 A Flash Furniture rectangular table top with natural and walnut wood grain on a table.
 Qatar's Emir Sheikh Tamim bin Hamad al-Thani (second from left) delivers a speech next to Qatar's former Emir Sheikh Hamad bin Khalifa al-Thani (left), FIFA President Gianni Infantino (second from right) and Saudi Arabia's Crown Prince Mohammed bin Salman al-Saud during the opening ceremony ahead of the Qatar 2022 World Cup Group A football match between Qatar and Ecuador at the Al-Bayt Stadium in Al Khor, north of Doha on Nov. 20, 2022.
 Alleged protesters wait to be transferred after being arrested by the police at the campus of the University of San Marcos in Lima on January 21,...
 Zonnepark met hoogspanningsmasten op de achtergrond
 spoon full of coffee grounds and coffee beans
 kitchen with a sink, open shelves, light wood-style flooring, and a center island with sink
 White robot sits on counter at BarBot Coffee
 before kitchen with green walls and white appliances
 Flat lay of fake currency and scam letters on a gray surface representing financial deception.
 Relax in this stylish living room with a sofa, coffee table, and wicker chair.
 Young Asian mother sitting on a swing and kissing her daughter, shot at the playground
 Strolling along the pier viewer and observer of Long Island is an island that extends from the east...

***

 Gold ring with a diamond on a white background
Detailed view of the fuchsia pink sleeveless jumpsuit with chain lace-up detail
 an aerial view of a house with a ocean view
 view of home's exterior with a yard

***

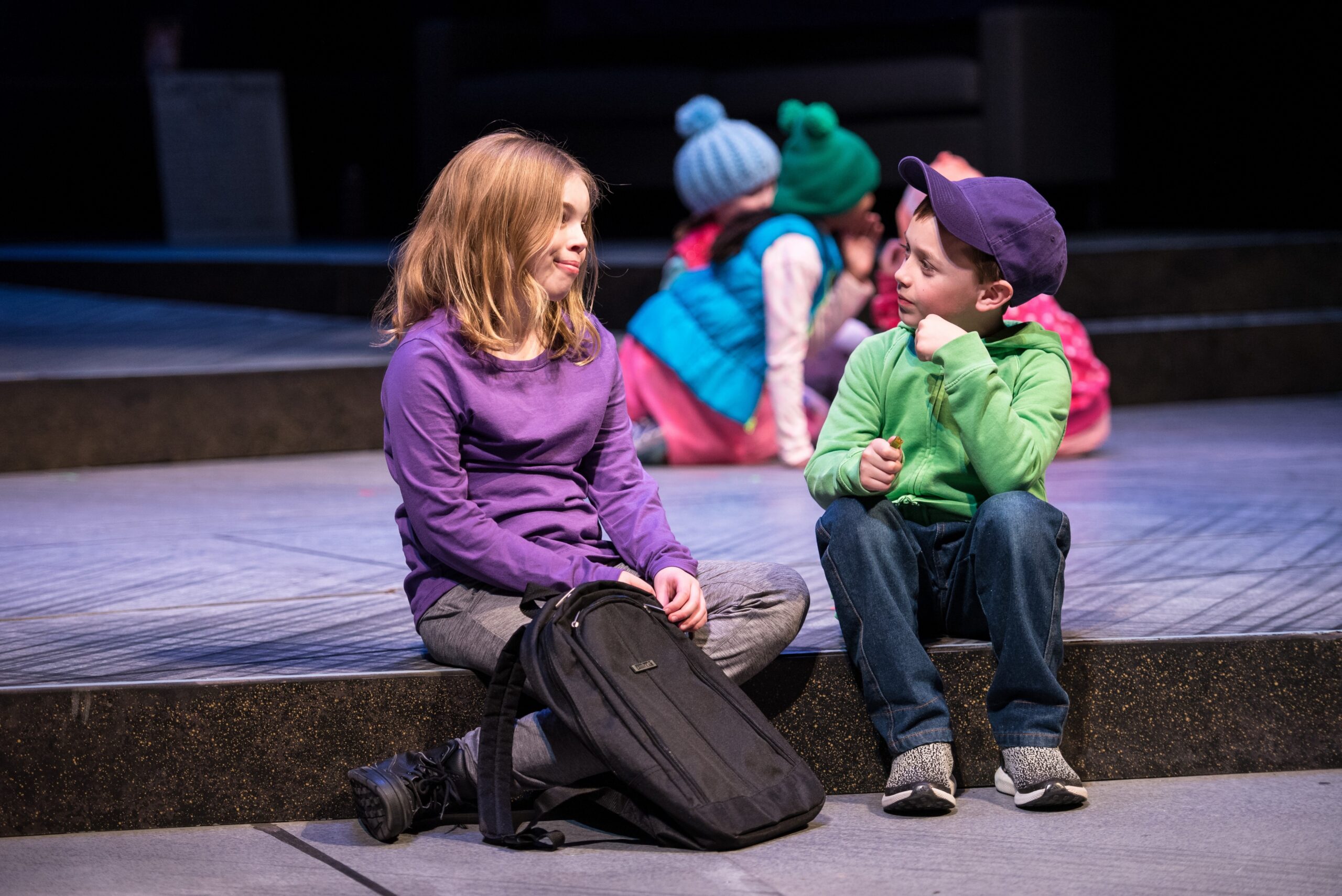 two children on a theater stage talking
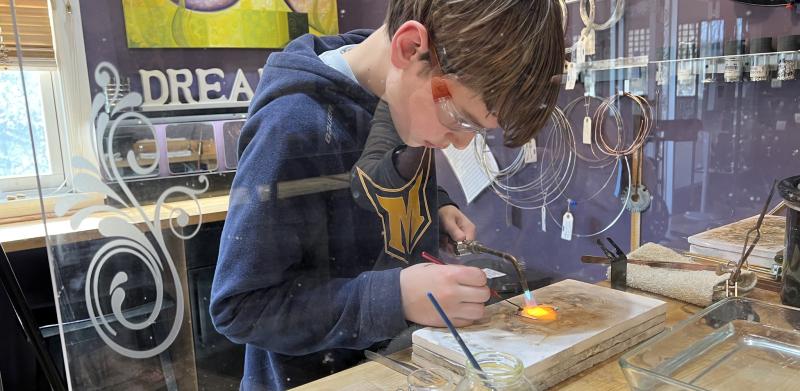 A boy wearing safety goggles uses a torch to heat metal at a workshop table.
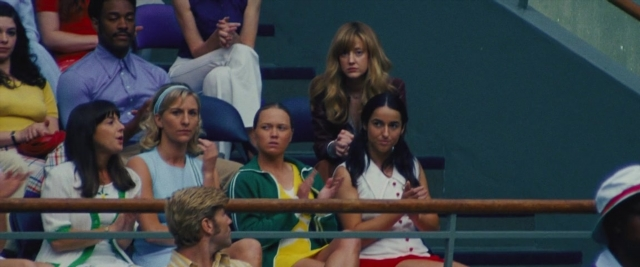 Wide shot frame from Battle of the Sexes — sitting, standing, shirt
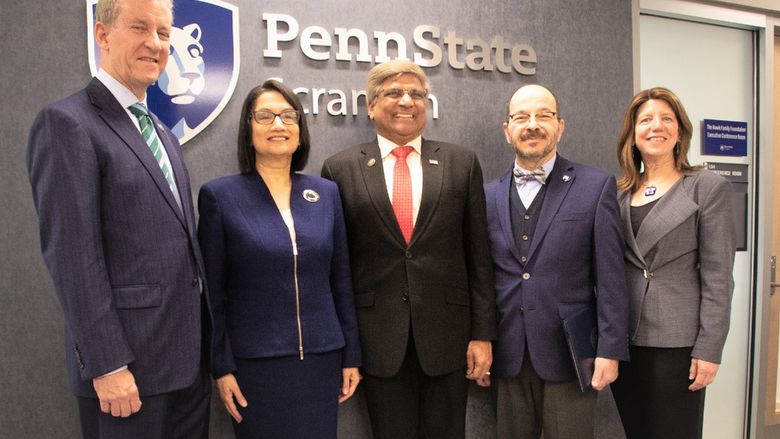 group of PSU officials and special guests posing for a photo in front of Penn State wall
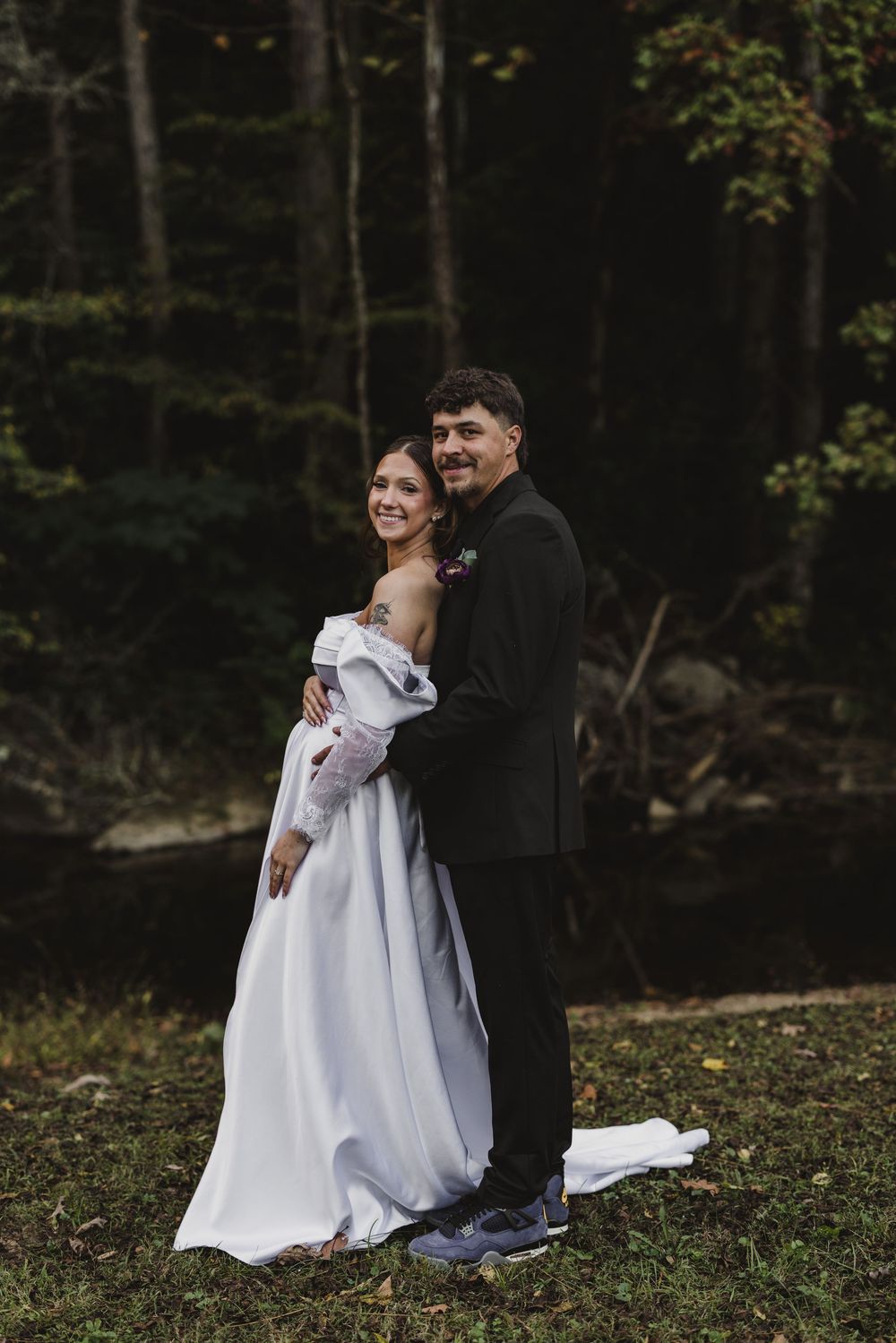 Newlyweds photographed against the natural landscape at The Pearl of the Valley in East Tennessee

***

* [Directions for this task]: Pick out and copy the lines of the entries that hold the string "kitchen".

* [Response to the exercise]:
 kitchen with a sink, open shelves, light wood-style flooring, and a center island with sink
 before kitchen with green walls and white appliances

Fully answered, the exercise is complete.